**WHAT YOU WILL DO**
Below are entries; repeat exactly, and nothing else, the lines from the one holding "A Qué Hora Juega" through the one holding "USA 2 Dollars", inclusive. Leave the pictures out.

INFORMATION SUPPLIED below:

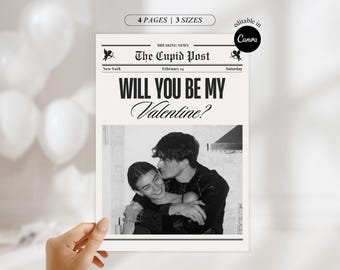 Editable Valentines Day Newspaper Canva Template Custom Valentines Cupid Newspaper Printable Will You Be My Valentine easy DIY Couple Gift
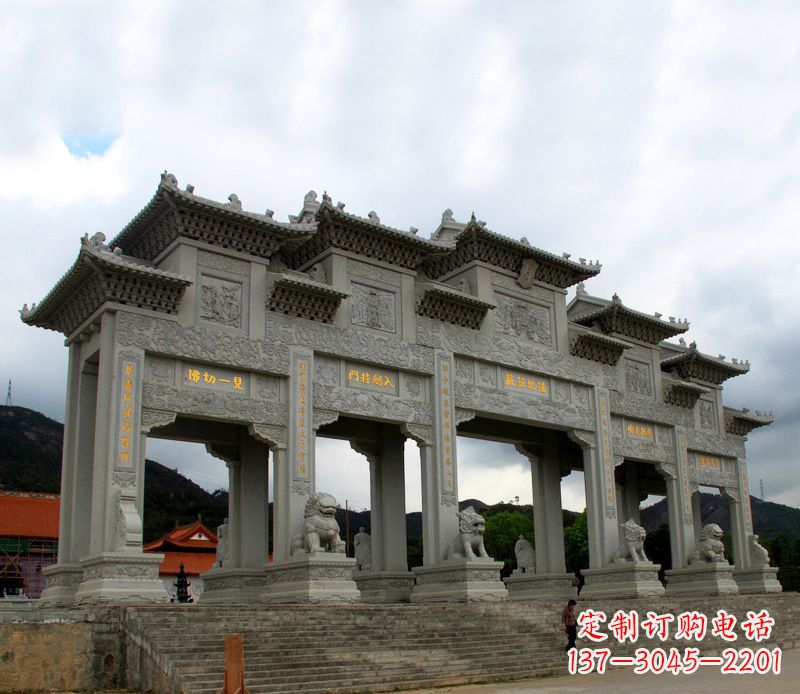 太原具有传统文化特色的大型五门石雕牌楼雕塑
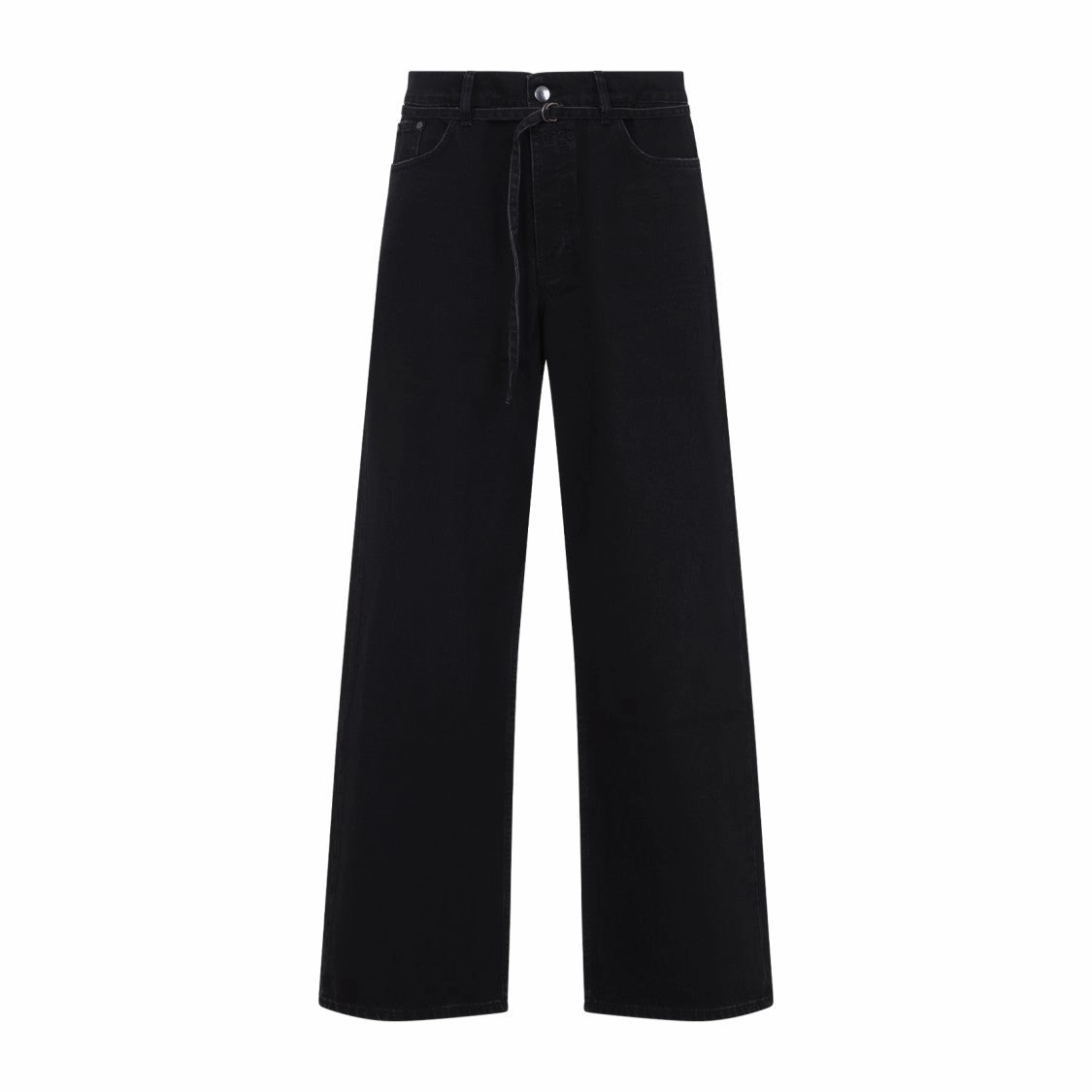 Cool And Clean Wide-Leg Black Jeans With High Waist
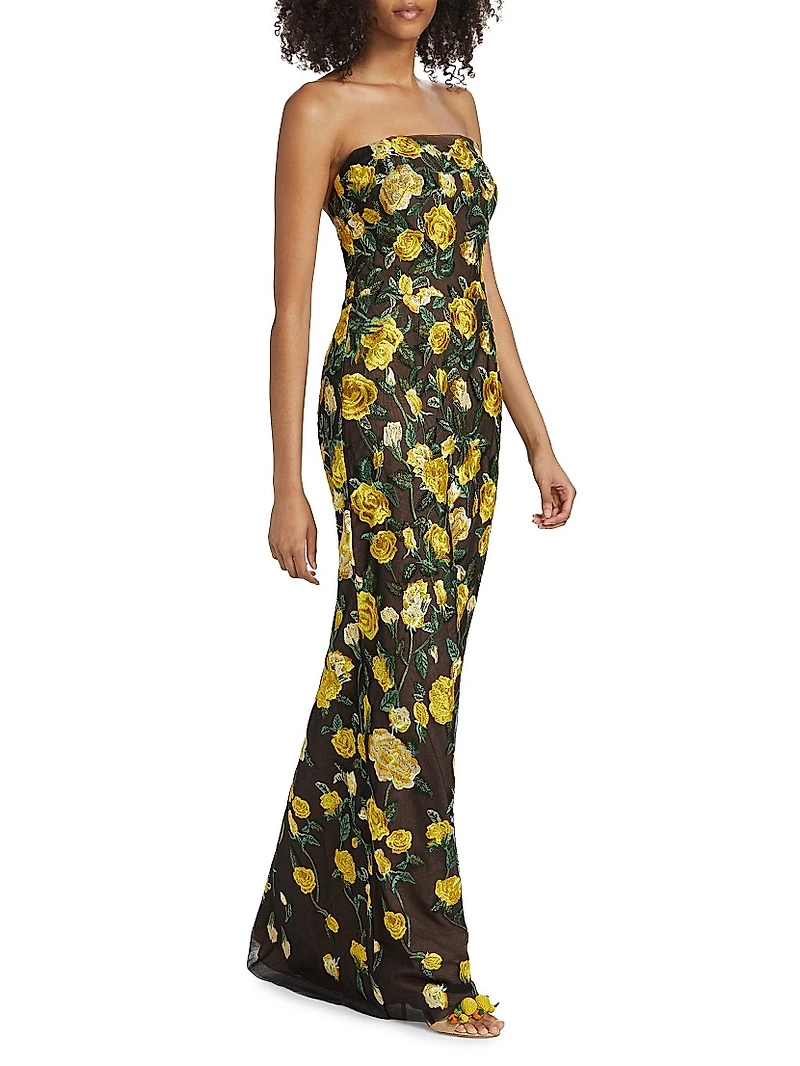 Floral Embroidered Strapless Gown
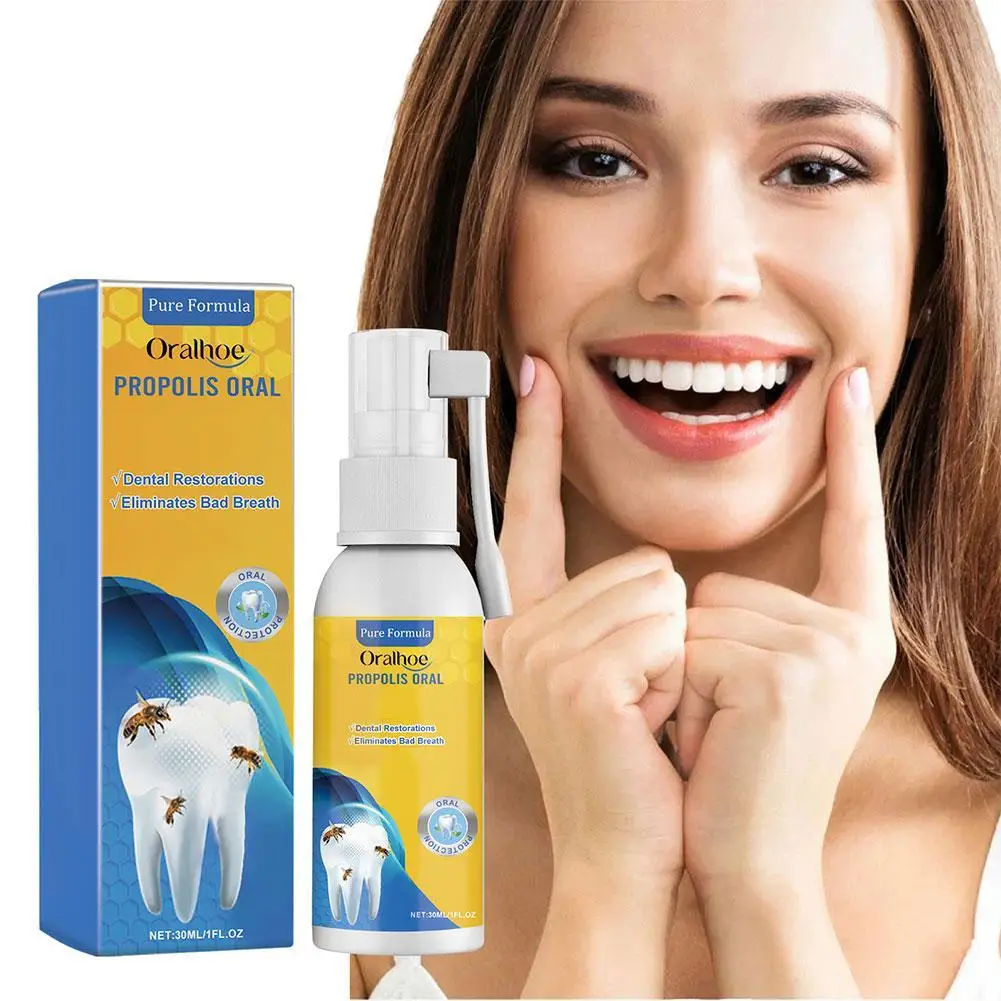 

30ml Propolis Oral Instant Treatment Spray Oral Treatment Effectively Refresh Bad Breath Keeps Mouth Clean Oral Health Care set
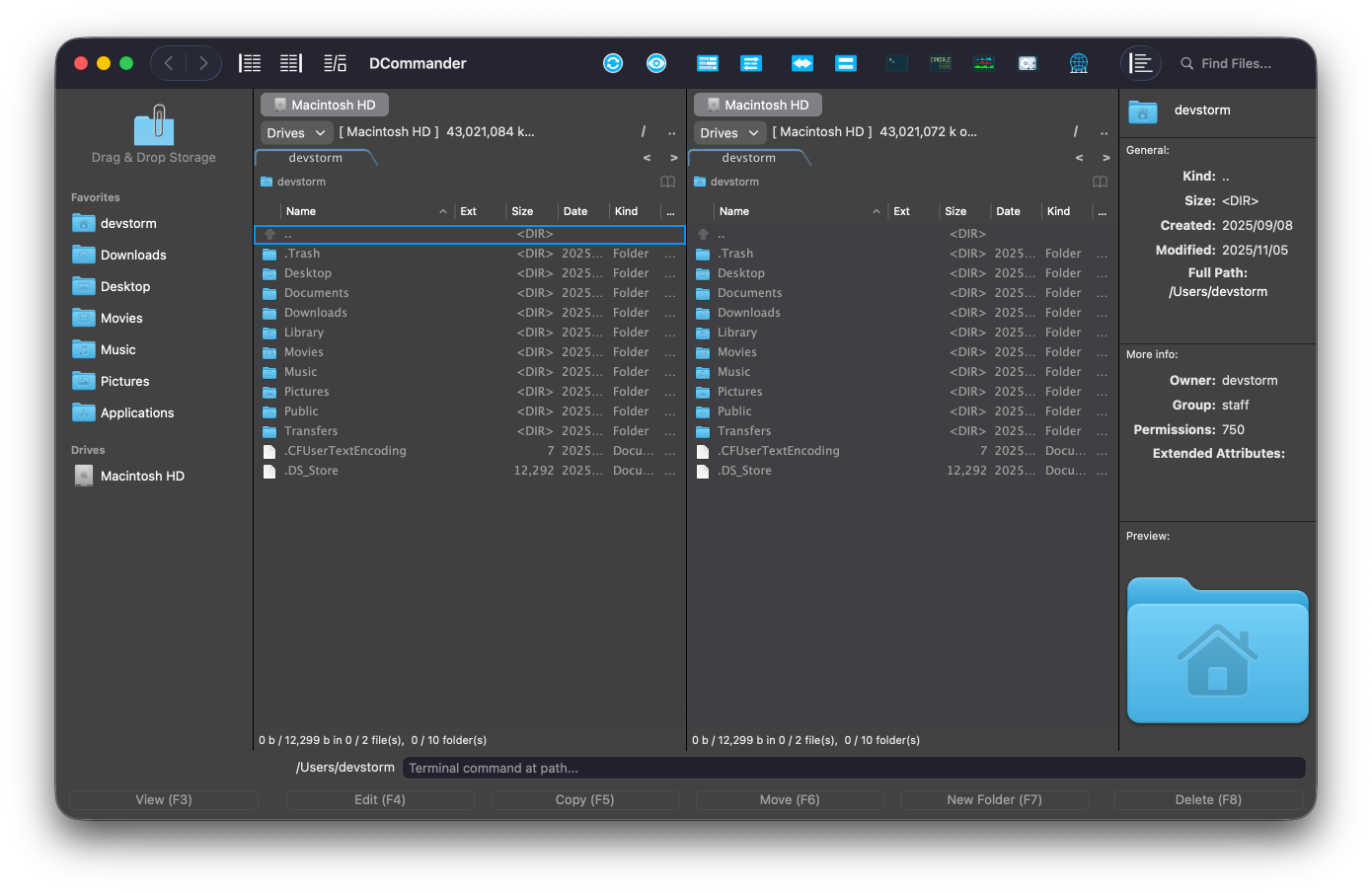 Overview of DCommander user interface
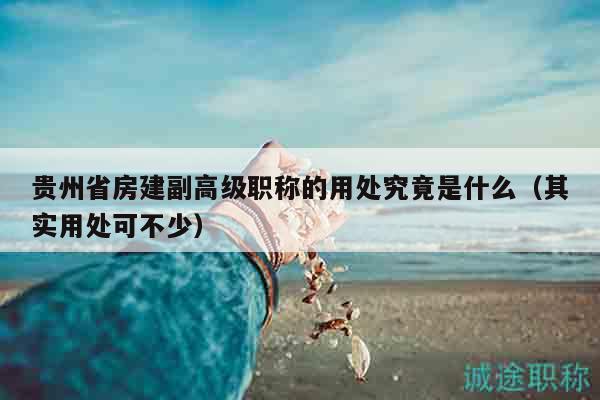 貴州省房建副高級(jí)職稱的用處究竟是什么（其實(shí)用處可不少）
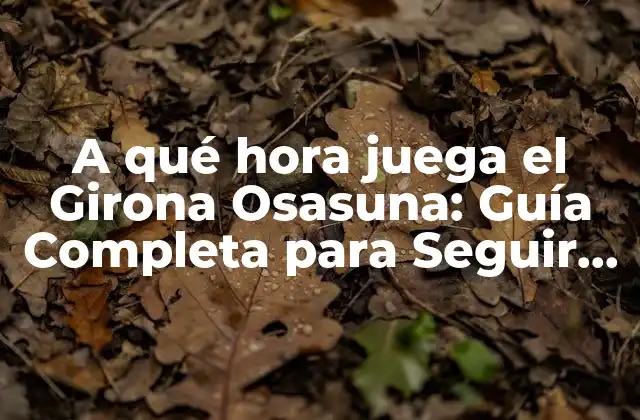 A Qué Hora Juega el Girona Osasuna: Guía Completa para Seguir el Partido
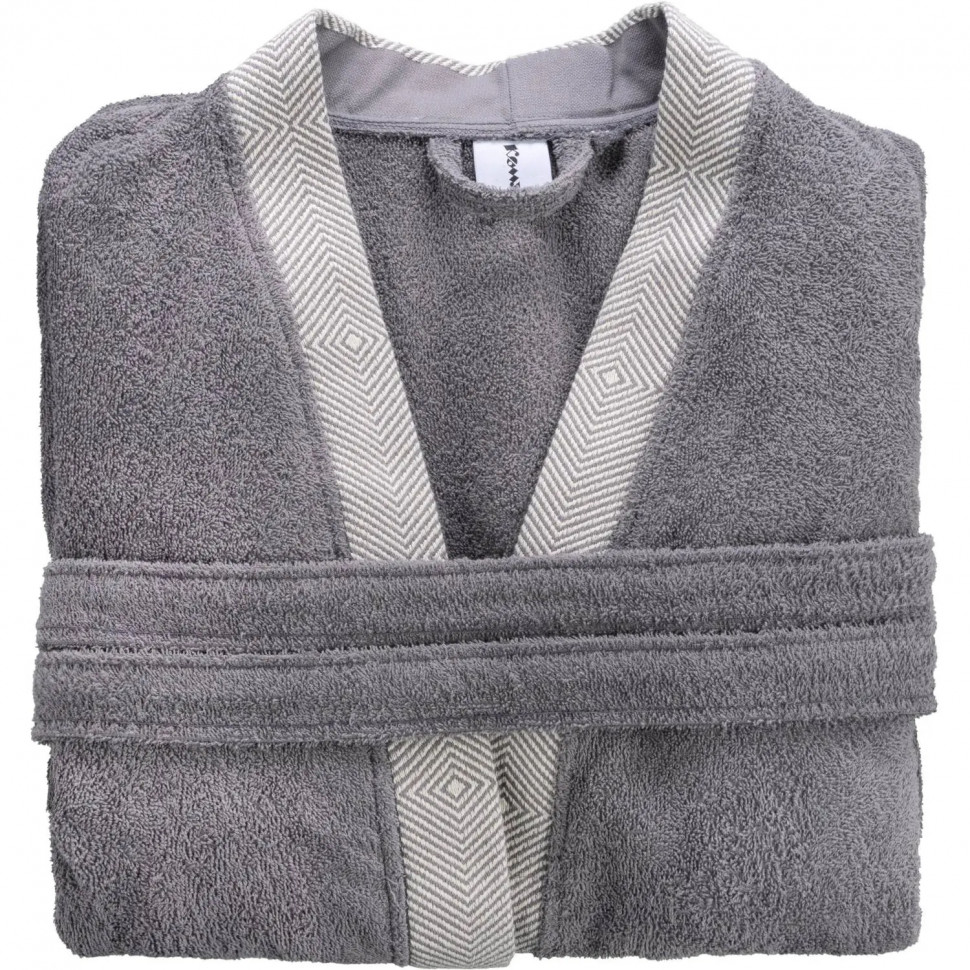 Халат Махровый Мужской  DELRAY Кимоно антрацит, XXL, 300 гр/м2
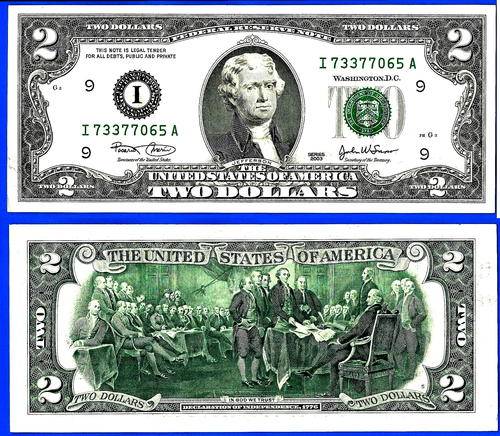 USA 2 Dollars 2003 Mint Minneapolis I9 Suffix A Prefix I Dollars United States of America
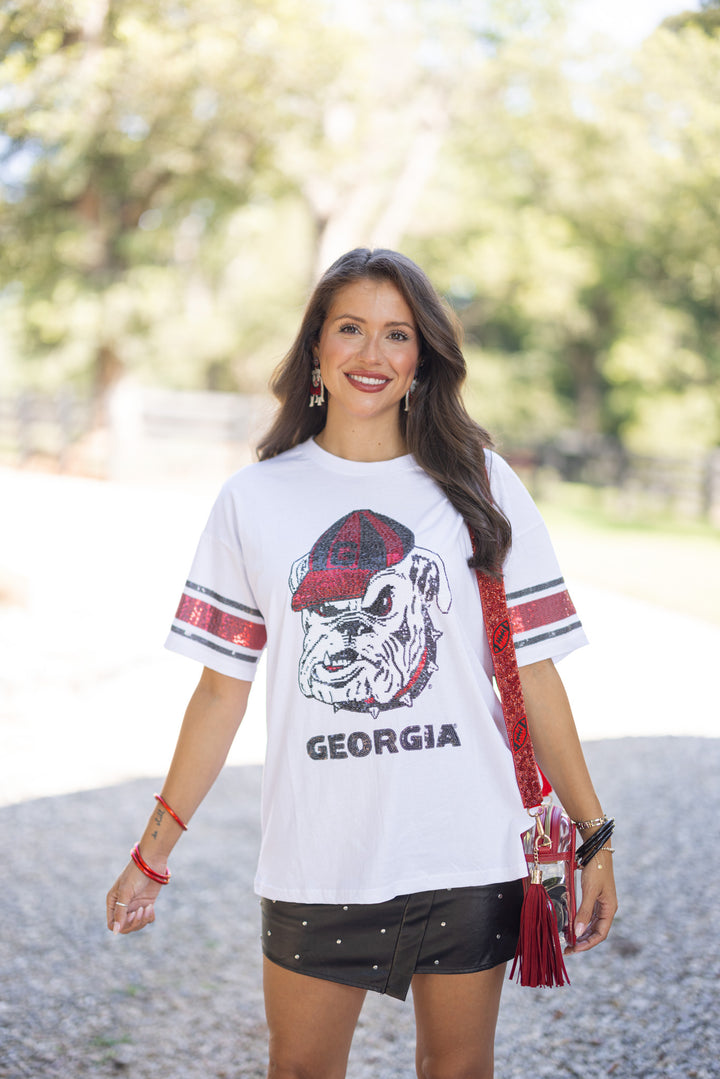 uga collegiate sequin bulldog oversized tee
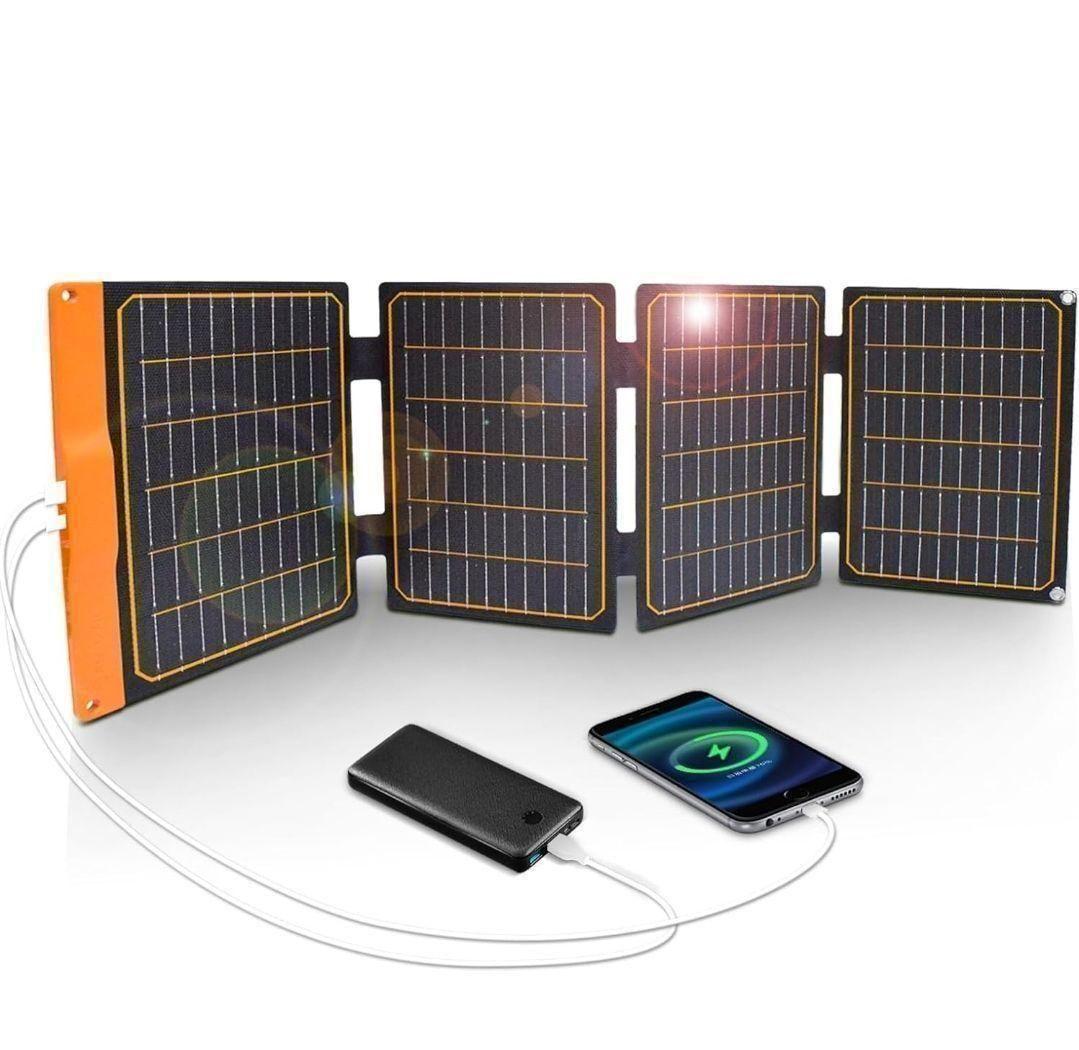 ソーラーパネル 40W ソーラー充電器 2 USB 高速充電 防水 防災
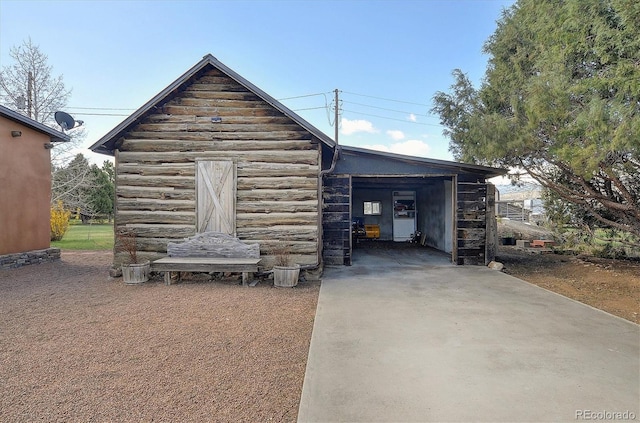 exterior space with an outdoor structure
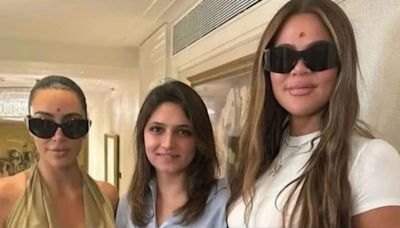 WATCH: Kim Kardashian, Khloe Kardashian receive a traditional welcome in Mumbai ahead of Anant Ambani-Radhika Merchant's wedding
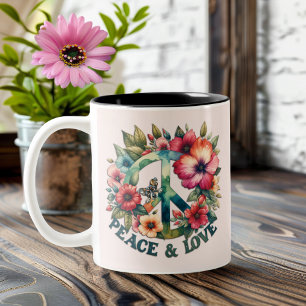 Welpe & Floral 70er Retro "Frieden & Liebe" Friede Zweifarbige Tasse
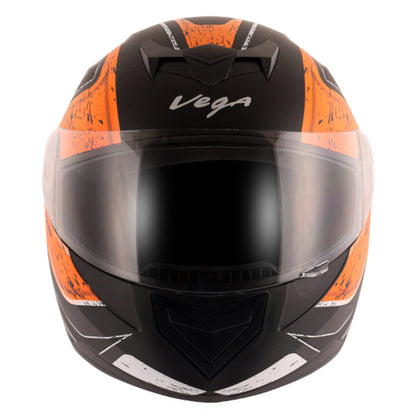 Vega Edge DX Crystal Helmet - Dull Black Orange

End of INFORMATION SUPPLIED.

**RESPONSE TO THIS EXERCISE**
 A Qué Hora Juega el Girona Osasuna: Guía Completa para Seguir el Partido
 Халат Махровый Мужской  DELRAY Кимоно антрацит, XXL, 300 гр/м2
 USA 2 Dollars 2003 Mint Minneapolis I9 Suffix A Prefix I Dollars United States of America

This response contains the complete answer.